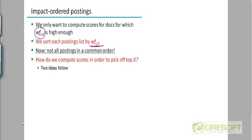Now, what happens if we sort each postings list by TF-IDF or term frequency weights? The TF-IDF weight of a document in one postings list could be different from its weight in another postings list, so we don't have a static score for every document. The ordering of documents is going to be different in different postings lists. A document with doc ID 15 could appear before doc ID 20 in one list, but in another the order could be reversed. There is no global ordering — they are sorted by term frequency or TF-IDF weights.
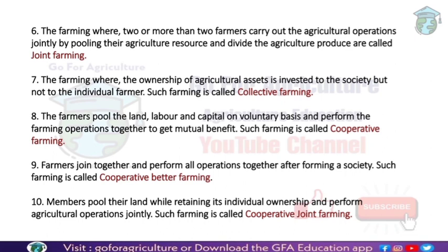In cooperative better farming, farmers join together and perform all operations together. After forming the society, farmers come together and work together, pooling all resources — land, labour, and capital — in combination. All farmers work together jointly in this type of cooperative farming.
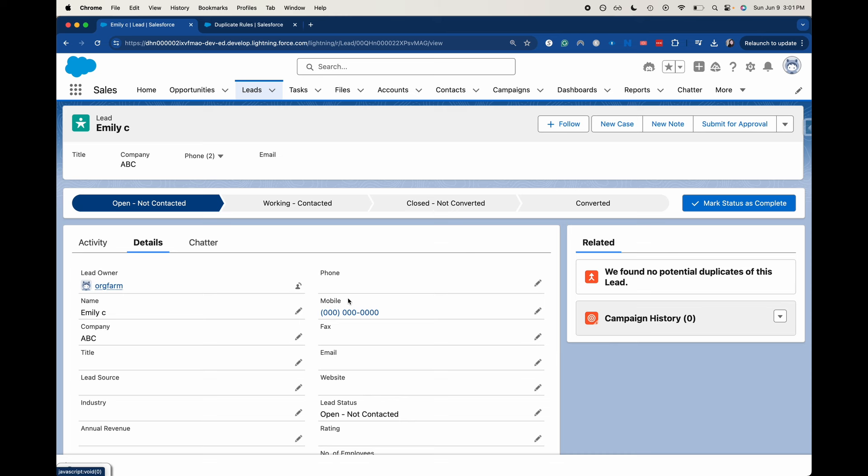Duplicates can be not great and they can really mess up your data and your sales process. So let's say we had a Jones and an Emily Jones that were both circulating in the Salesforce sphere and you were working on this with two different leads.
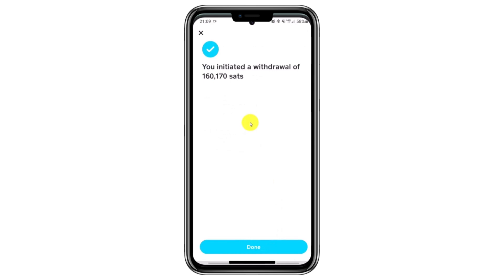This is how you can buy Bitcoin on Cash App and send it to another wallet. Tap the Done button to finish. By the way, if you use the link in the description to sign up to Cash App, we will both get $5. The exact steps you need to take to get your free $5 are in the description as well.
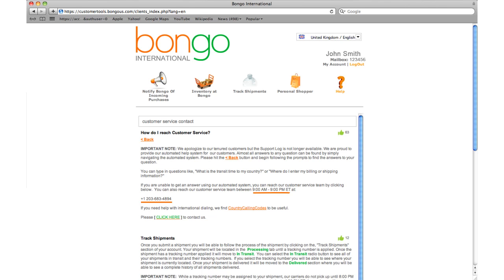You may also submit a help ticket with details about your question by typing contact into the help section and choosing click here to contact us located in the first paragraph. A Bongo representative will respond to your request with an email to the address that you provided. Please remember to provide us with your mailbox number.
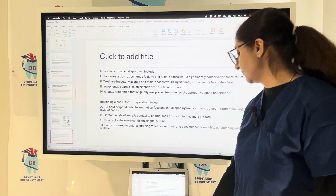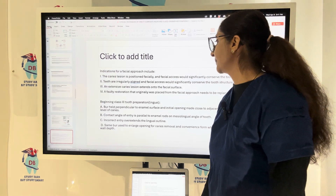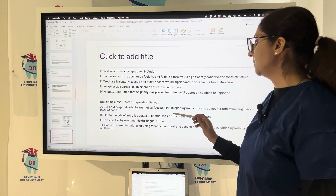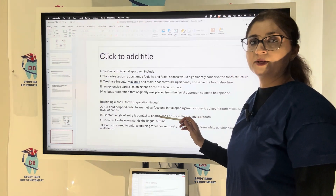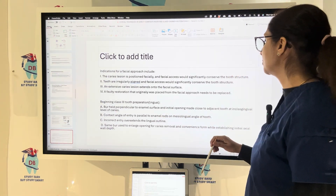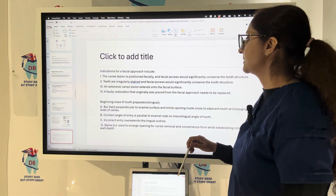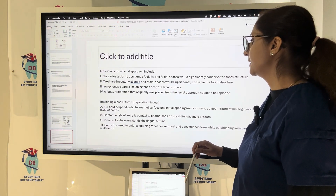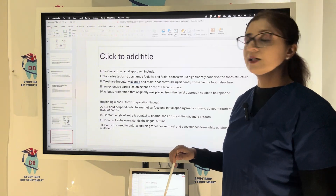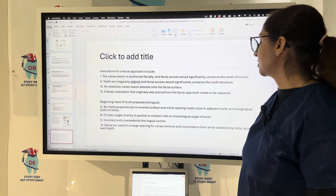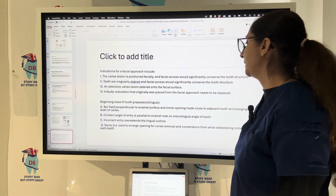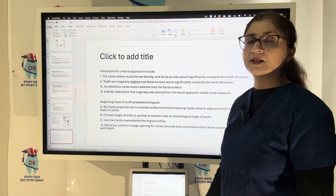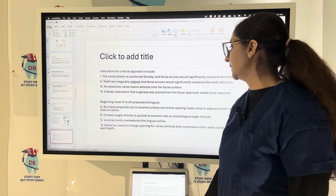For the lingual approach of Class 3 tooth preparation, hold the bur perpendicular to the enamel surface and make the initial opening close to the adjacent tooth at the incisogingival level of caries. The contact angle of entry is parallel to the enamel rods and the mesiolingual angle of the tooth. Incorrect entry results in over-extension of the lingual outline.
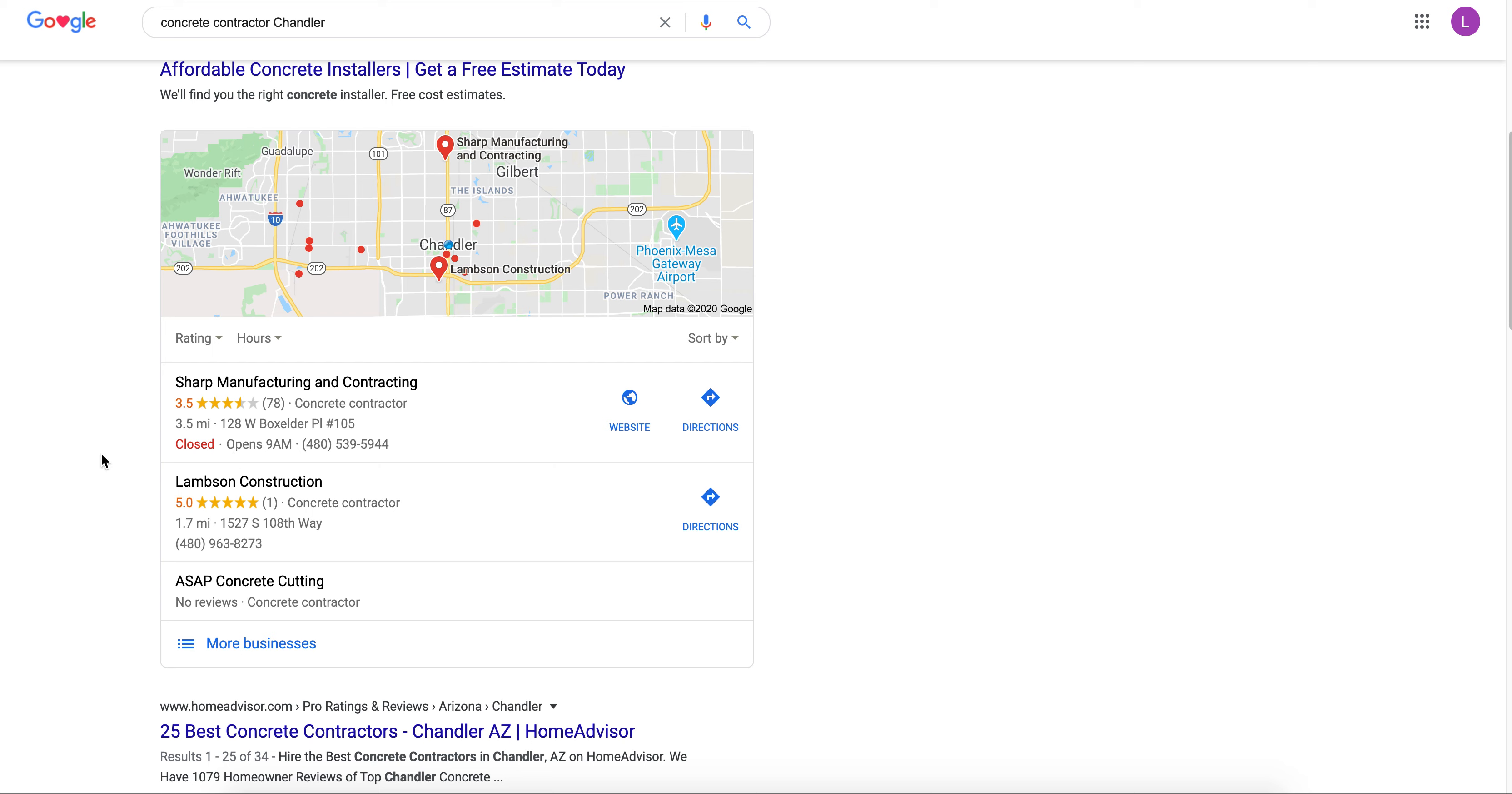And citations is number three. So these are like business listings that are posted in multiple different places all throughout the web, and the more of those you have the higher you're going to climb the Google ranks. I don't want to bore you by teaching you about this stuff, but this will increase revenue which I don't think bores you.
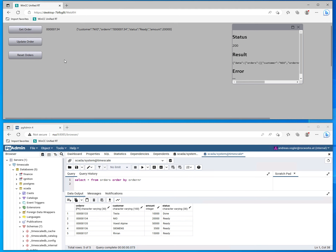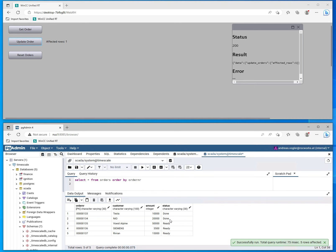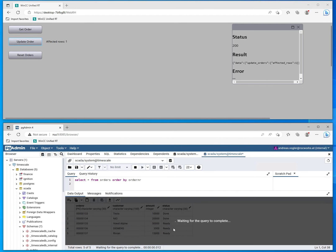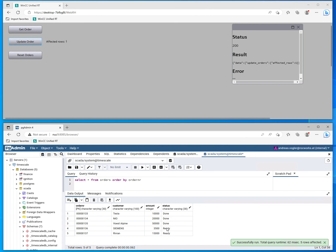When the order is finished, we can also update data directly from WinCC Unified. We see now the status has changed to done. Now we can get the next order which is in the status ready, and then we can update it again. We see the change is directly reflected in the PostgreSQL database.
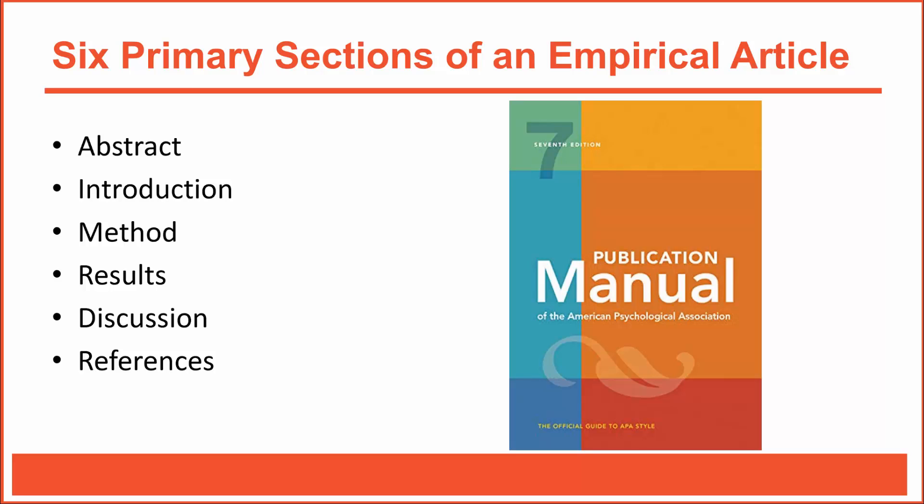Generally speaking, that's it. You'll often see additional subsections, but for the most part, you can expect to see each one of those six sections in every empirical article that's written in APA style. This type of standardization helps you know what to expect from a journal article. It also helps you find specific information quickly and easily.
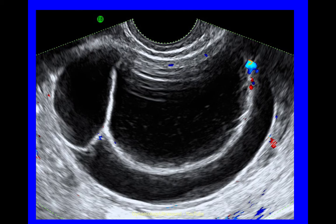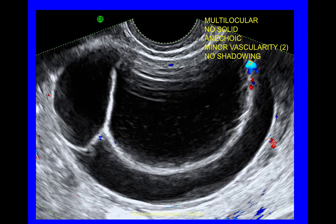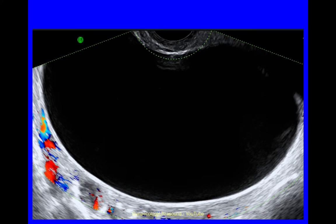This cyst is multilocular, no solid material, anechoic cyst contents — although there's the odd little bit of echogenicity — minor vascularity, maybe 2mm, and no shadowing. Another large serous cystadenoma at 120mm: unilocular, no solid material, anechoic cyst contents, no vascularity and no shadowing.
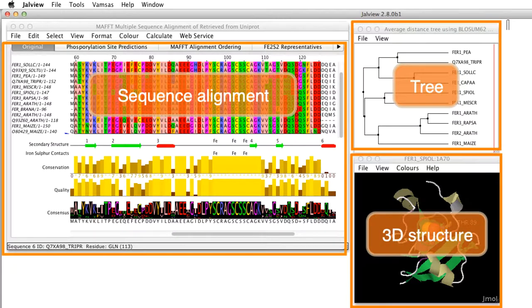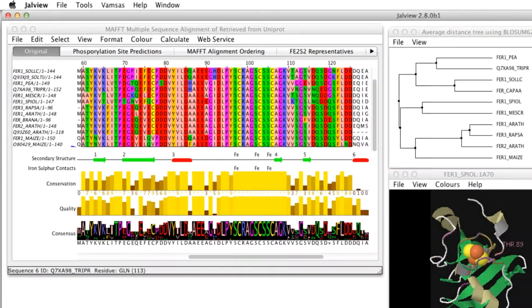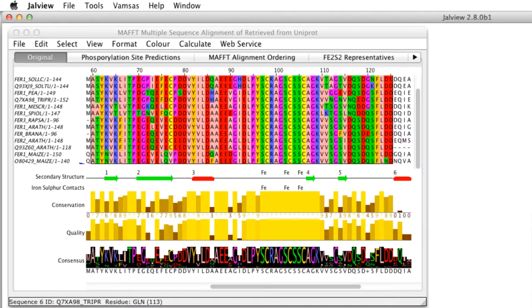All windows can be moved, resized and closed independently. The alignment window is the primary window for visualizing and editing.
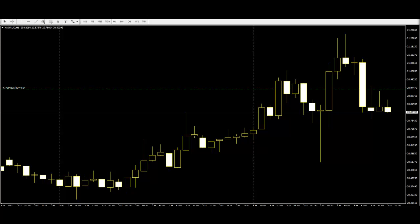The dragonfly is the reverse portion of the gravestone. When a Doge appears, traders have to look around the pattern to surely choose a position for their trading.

-*-*-

__Action item__: Everything but the pictures is needed: copy the data above exactly.

__Solution to this problem__:
Now, what happens if we sort each postings list by TF-IDF or term frequency weights? The TF-IDF weight of a document in one postings list could be different from its weight in another postings list, so we don't have a static score for every document. The ordering of documents is going to be different in different postings lists. A document with doc ID 15 could appear before doc ID 20 in one list, but in another the order could be reversed. There is no global ordering — they are sorted by term frequency or TF-IDF weights.
In cooperative better farming, farmers join together and perform all operations together. After forming the society, farmers come together and work together, pooling all resources — land, labour, and capital — in combination. All farmers work together jointly in this type of cooperative farming.
Duplicates can be not great and they can really mess up your data and your sales process. So let's say we had a Jones and an Emily Jones that were both circulating in the Salesforce sphere and you were working on this with two different leads.
This is how you can buy Bitcoin on Cash App and send it to another wallet. Tap the Done button to finish. By the way, if you use the link in the description to sign up to Cash App, we will both get $5. The exact steps you need to take to get your free $5 are in the description as well.
You may also submit a help ticket with details about your question by typing contact into the help section and choosing click here to contact us located in the first paragraph. A Bongo representative will respond to your request with an email to the address that you provided. Please remember to provide us with your mailbox number.
For the lingual approach of Class 3 tooth preparation, hold the bur perpendicular to the enamel surface and make the initial opening close to the adjacent tooth at the incisogingival level of caries. The contact angle of entry is parallel to the enamel rods and the mesiolingual angle of the tooth. Incorrect entry results in over-extension of the lingual outline.
And citations is number three. So these are like business listings that are posted in multiple different places all throughout the web, and the more of those you have the higher you're going to climb the Google ranks. I don't want to bore you by teaching you about this stuff, but this will increase revenue which I don't think bores you.
When the order is finished, we can also update data directly from WinCC Unified. We see now the status has changed to done. Now we can get the next order which is in the status ready, and then we can update it again. We see the change is directly reflected in the PostgreSQL database.
Generally speaking, that's it. You'll often see additional subsections, but for the most part, you can expect to see each one of those six sections in every empirical article that's written in APA style. This type of standardization helps you know what to expect from a journal article. It also helps you find specific information quickly and easily.
This cyst is multilocular, no solid material, anechoic cyst contents — although there's the odd little bit of echogenicity — minor vascularity, maybe 2mm, and no shadowing. Another large serous cystadenoma at 120mm: unilocular, no solid material, anechoic cyst contents, no vascularity and no shadowing.
All windows can be moved, resized and closed independently. The alignment window is the primary window for visualizing and editing.
The dragonfly is the reverse portion of the gravestone. When a Doge appears, traders have to look around the pattern to surely choose a position for their trading.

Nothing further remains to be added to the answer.